We even had a bit of a chuckle. Talking about being an at-home Dad, I said that there are many days that I wish I had an office to go to. He agreed, saying that after many weekends, he's glad to get back to work. I replied, "Yeah, can't wait to sink your hands into some testicles."

Not sure how that comes across on a blog, but it was funny at the time :)

After the surgery is really when the story starts. I'll put that in the next entry.

Wednesday, April 6, 2011

Hug it Out

Toodled and JD were playing in the livingroom while I cleaned the kitchen and did some dinner prep.

Toodles began yelling, "Ow! Ow!"

I walked to the hallway that connects the kitchen to the living room. Toodles was charging toward me, still yelling, "Ow! It hurts! My arm!"

Squatting to see the problem, she pointed to the back of her hand. Then she said, "I want hug."

We hugged for a moment, then she let go and ran down the hallway to resume playing with JD.

Tuesday, April 5, 2011

Teaching Opportunity

I have been asking JD, my 4-year-old son, to clean up his plate and glass after his meals.

Today, I has using the potty when I heard a crash. There was no doubt that JD had dropped his plate. He was distressed.

I assured him that it was not a problem. After cleaning up the mess, I got another plate. After placing it on the table, I demonstrated how to use two hands and to bring it to a large, open area of the counter near the sink. Then I asked him to do it and gave him a high-5 and a hug.

Listening to Hawk Harrelson announce White Sox games, I have learned a few of his wise sayings. Two apply here. First, experience is something you got when you didn't want to get it. Second, the worst thing you can do after a failure is to dwell on the failure rather than learn the lesson so as to be successful the next opportunity.

Funny things

JD and I were watching Fresh Beat Band when one of the characters, Twist, went into space.

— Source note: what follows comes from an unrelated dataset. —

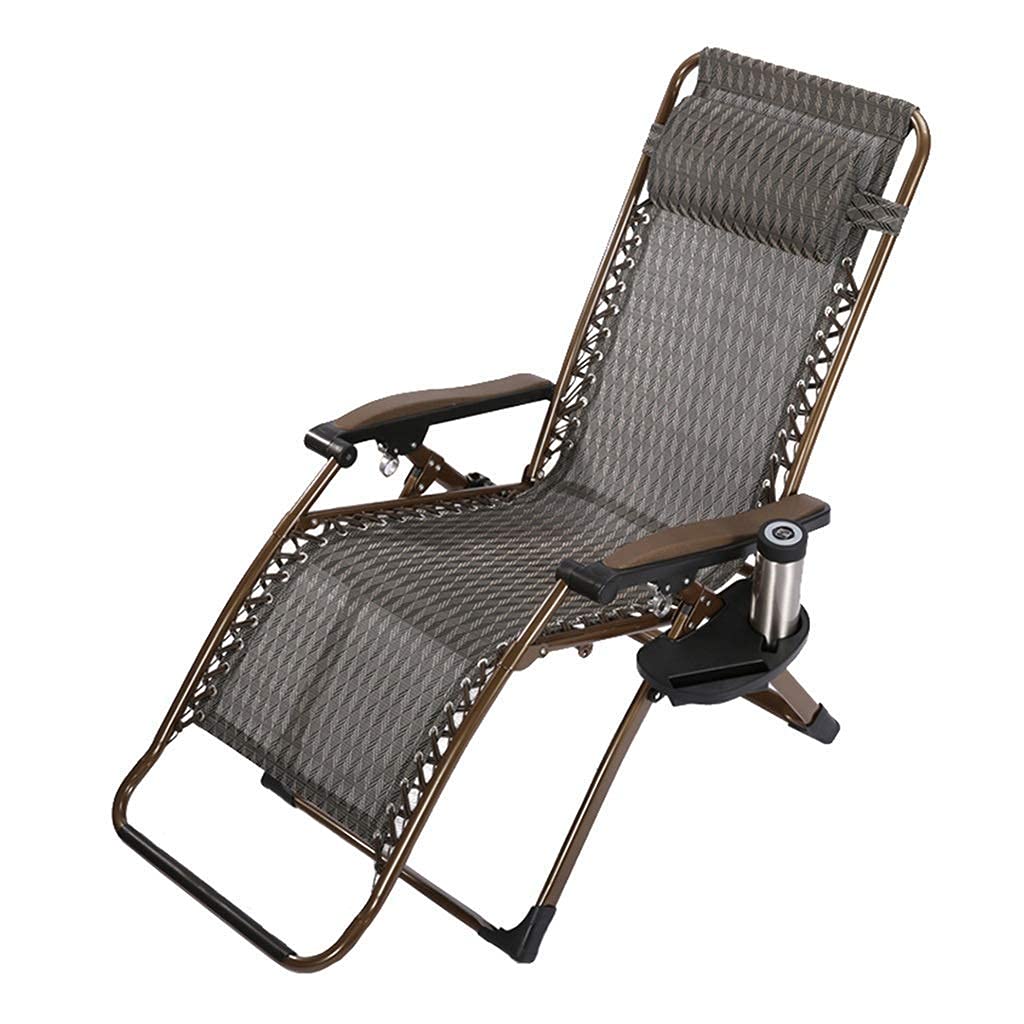 Chaise zero gravity pliante grand confort et super largeur 68cm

I asked JD what he was doing. JD replied, "He's in space. He's looking for E.T."

How cute is that?

Saturday, April 2, 2011

Just a minute, please!

With a gifted speaker comes some difficulty. Toodles, now 22 months, regularly uses 4 and 5 word sentences. The downside is that, when she asks for something, she doesn't understand concepts such as time or sanitation.

She may come to me while I'm handling raw chicken and ask for milk. Just a minute, please, I say to her. I want milk, Daddy. Just a minute, please. She begins to get frustrated and is soon crying and yelling at me.

This would be tolerable if it only happened, say, once a day. But it happens at least four or five times. Every day. At the dinner table. In the car. On a walk. At the playground. She wants something that isn't immediately available. And she gets pissed.

I have been trying to be patient, but I occasionally lose my mind and control and yell back. Of course, that only makes everyone upset. As with most undesirable behaviors, it is more a matter of time than teaching.